El problema no lo veo tanto en el deseo del sector privado de tratar de buscar espacios para ajustar las políticas públicas y tratar de arreglar asuntos que, en su criterio, obstaculizan la fluidez de su actividad privada, sino en que el Gobierno pierda el control de un instrumento esencial para planear y ejecutar ordenadamente su visión y pierda la oportunidad de dirigir ordenadamente la acción gubernamental.

Incluso, en cuanto se refiere al texto original del PND presentado por el Gobierno actual, se observan deficiencias.
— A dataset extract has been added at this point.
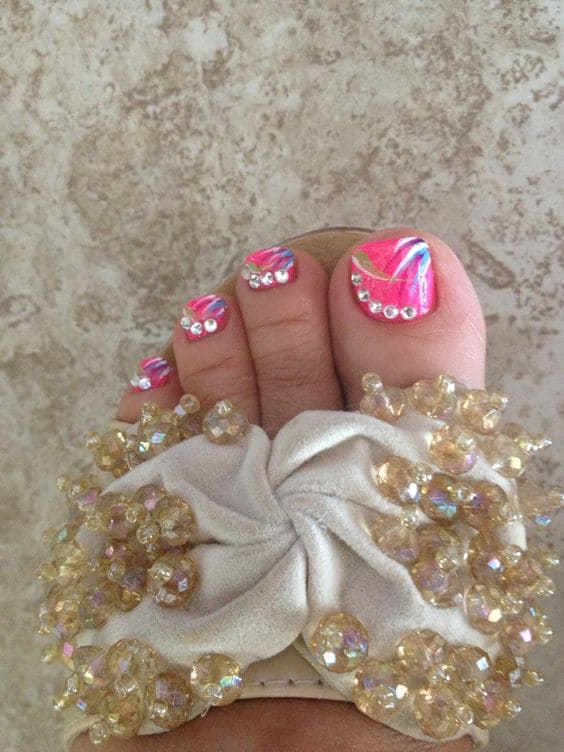 Bedazzled Toe Nails 1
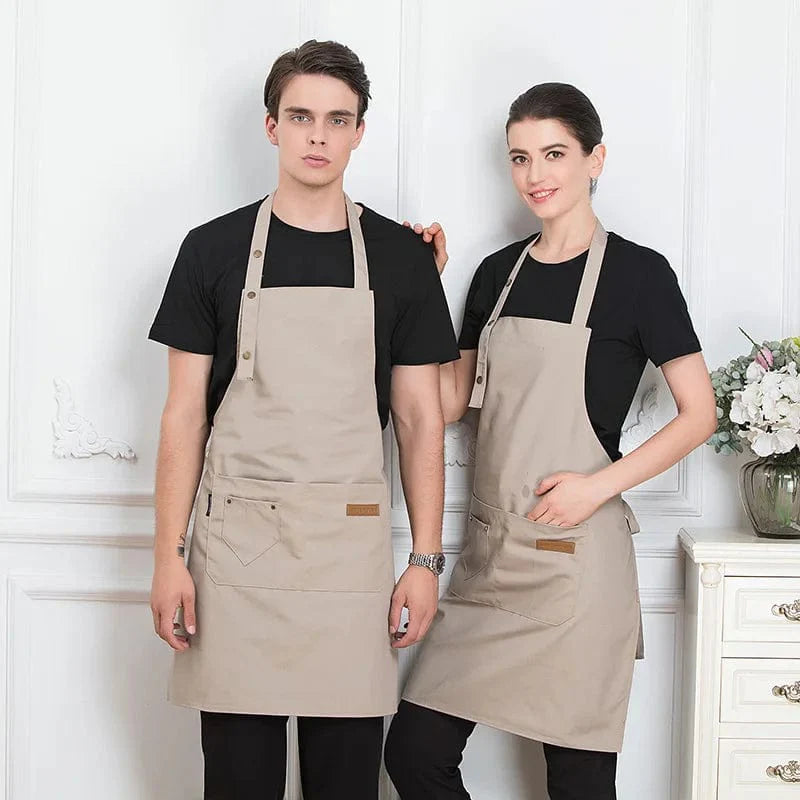 Komfortabelt køkkenforklæde til kvinder/mænd - polyester, koreansk stil - ideelt til grill, restaurant, bar - Unisex 1PCS Khaki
El proyecto contiene más de 180 artículos de toda índole, con una multitud de ideas, que se ubican mucho más en el campo del “qué” que del “cómo”, y que hacen un extenso repaso de los principales problemas y necesidades del país. El planteamiento es tan amplio y ambicioso que, en vez del plan de prioridades de un gobierno específico, parece más un abanico inagotable de propuestas que bien podrían servir de recetario teórico para esta época o para otra, para este país o para otro.

Se indica en la página web del Departamento de Planeación que el Plan es el resultado de la realización de mesas departamentales y talleres regionales que se llevaron a cabo por primera vez en la historia del país, pero la realidad es que se han radicado más de 4.000 proposiciones durante el tramite en el Congreso, por lo que es de suponer que la impronta ciudadana va a quedar bastante diluida o desfigurada con la posterior y definitiva intervención de los legisladores.

En teoría, producto de la participación ciudadana, el plan recoge un gran pacto por Colombia, un pacto por la equidad, que comprende una variedad de pactos diferentes, tales como, pacto por la sostenibilidad, pacto por la ciencia, pacto por la competitividad, por la inclusión, por la cultura, por la equidad de las mujeres, y una serie de pactos por las regiones de Colombia.

En verdad, es difícil pensar que este Plan se constituya en un gran pacto por Colombia, un pacto social que recoja todas las culturas, regiones y matices de nuestra geografía, y que unifique consensos de toda índole y naturaleza sobre las principales políticas nacionales. Bastaría con que al menos alcanzara la categoría de Plan Nacional de Desarrollo, en el modo en que lo concibió la Constitución.